Clearly, with these kind of time scales, we cannot see the evolution of an individual star. But, luckily for us, with thousands of stars visible to even the naked eye, and millions visible through telescopes, we are able to see stars at each stage of stars’ evolution, from birth to death.
All of the stars which are on the band of points which stretches from the top left to the bottom right, which we call the Main Sequence, are burning hydrogen in their cores. They are the only stars on the H-R diagram which are burning hydrogen in their cores, if a star is not burning hydrogen in its core it will not be on the main sequence. Our Sun is a main sequence star, and this stage of a star’s life is the most stable period of its evolution, and it spends some 90% of its life on the main sequence.
When the Sun formed, it would have started off as a cool nebula (cloud of gas and dust) which would have started collapsing under gravity, and the gravitational collapse converts gravitational potential energy into kinetic energy of the gas, so the nebula gets warmer. As the nebula collapses more and more the central concentration forms a proto-star, and at this point the proto-Sun would have appeared to the right of the main sequence, at a temperature of some 2000-3000 Kelvin. Its luminosity would have been comparable to the Sun’s present luminosity, or at least not much less, but this is because of the proto-star’s size, it would have been hundreds of times larger than the current Sun.
As the proto-Sun contracted still further the density and temperature in the core would have become high enough for hydrogen fusion to start. In this process, which I will describe in more detail in another blog, hydrogen is converted into helium. The Sun then settled down to a long life on the main sequence; our Sun will spend some 10 billion years in this part of its evolution.
The stars above the main sequence are red giant stars, and these are stars which have finished burning hydrogen in their cores and have started burning it in a shell about a helium core. When a star does this it swells up, becoming cooler and much brighter. It moves away from the main sequence, in a process we call “ascending the red giant branch”. Eventually the helium in the core will start to fuse, with three helium nuclei combining to form carbon, and when a star is in this phase of its evolution it sits on a part of the diagram called the horizontal branch.

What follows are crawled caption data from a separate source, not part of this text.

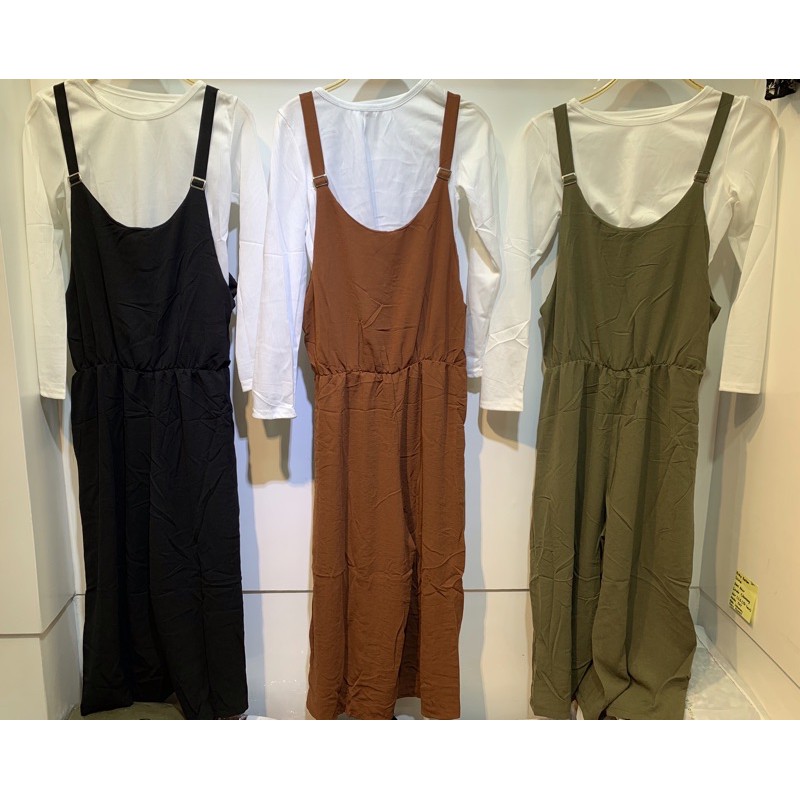 Basic Long Jumpsuit With Inner / Set Wanita Jumpuit Import Murah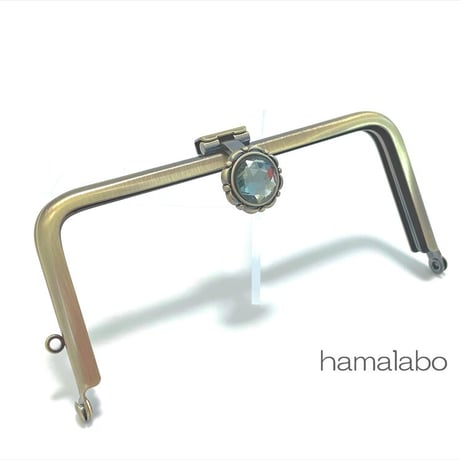 【HA-2256】オコシ式口金/12cm角型-ブラックストーン付き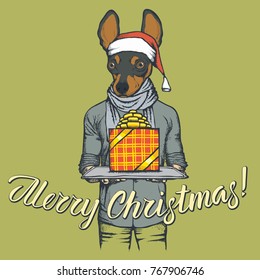 Dog toy terrier  vector Christmas concept. Illustration of dog in human suit celebrating new year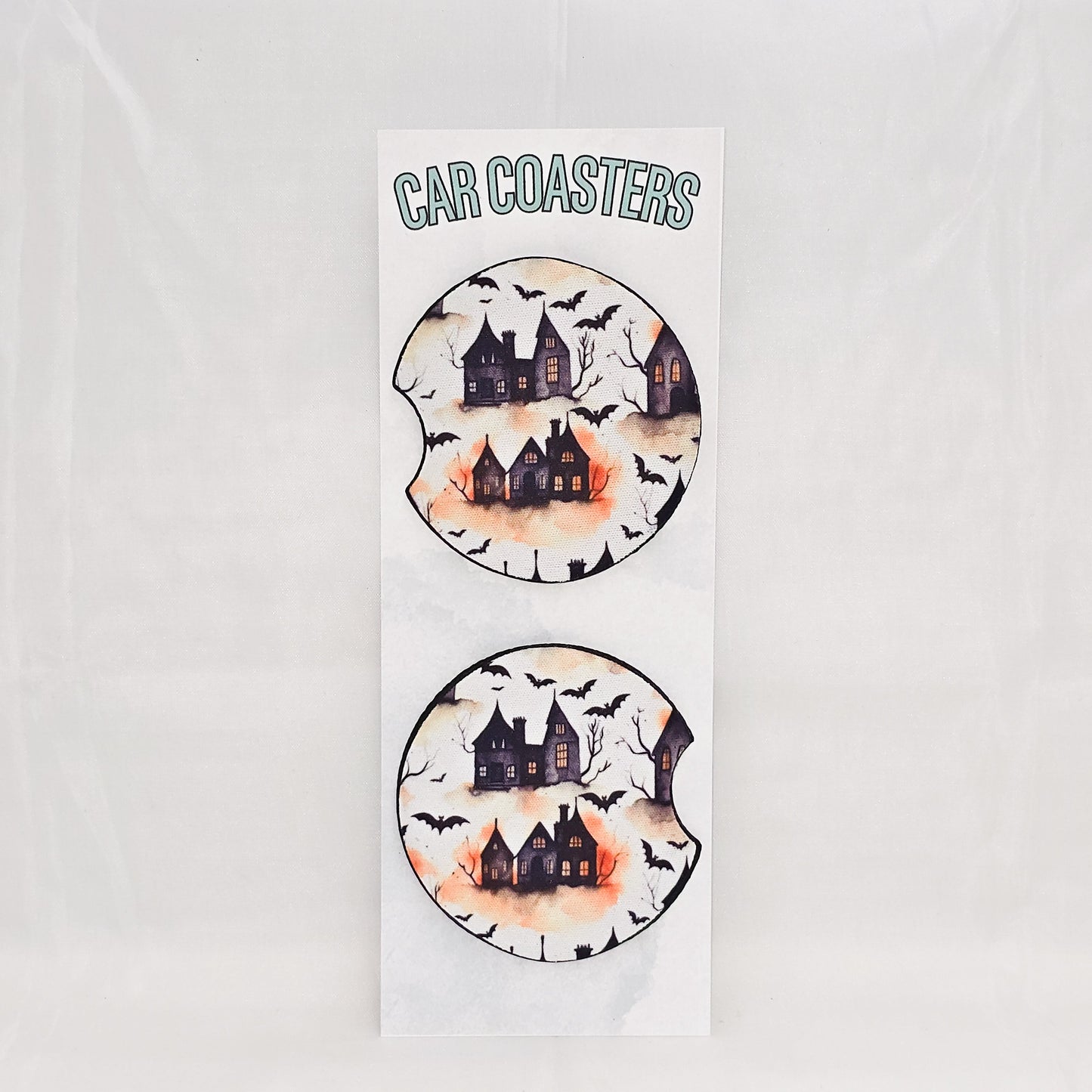 Haunted Hills Halloween Car Coasters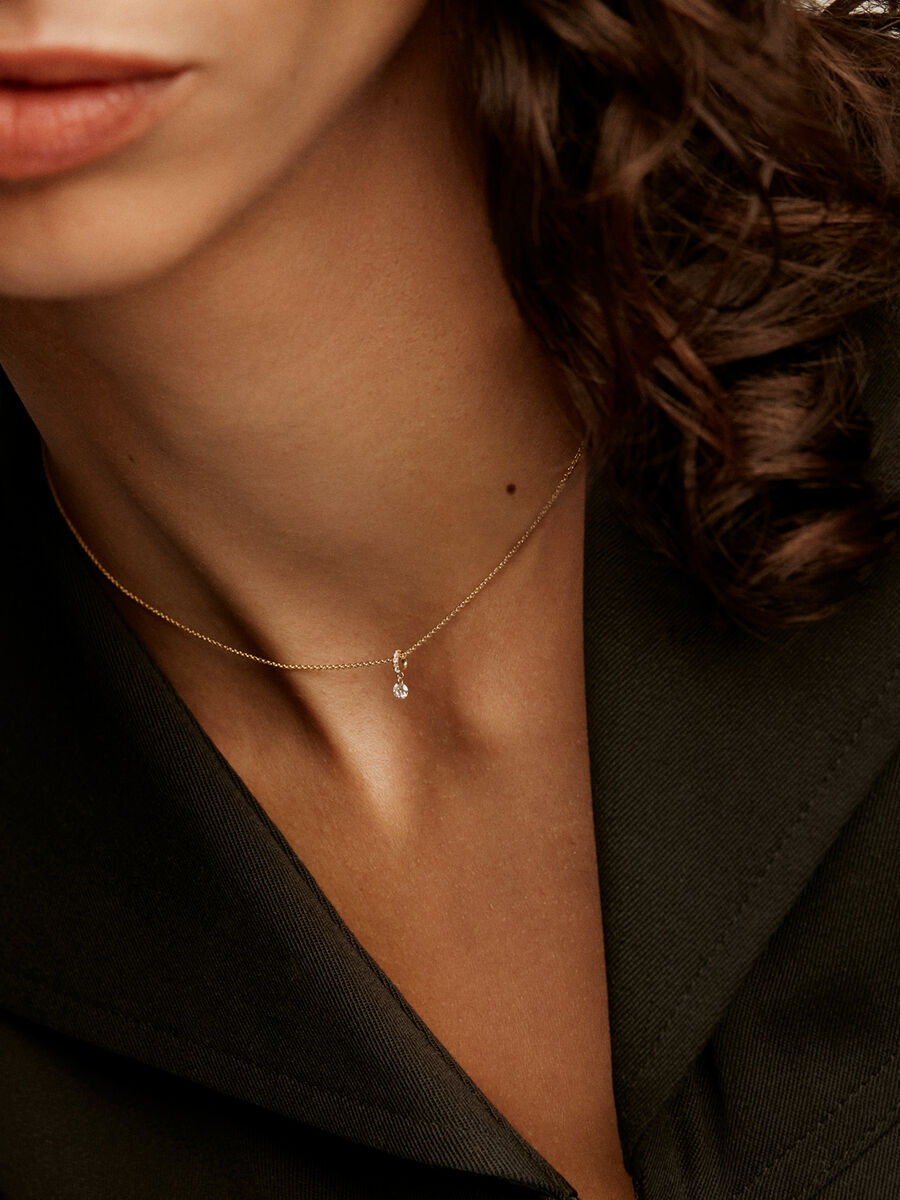 Gold diamonds necklace , J04431-02, hi-res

For low mass stars, less than about three times the mass of the Sun, converting helium to carbon is as far as they will get in their nuclosynthesis. After they have finished on the horizontal branch, these low mass stars will blow off their outer layers and form what we call a planetary nebula, leaving a dead carbon core behind which cools over time. The name for this dead carbon core is a white dwarf
Higher mass stars, more than about three times the mass of the Sun, are able to go beyond helium burning, and can burn carbon, and sometimes oxygen, silicon and other elements all the way up to iron. However, a star will never burn iron, as iron is the most tightly bound nucleus of all the elements in the periodic table, and so such high mass tars have a sudden energy crisis and explode in a supernova. I will blog about the details low mass and high mass stellar evolution in a pair of future blogs.
So, to summarise, the H-R diagram is in a visual illustration of stellar evolution, and now we understand how stars move about on the H-R diagram during their lives, a triumph of 20th Century astrophysics.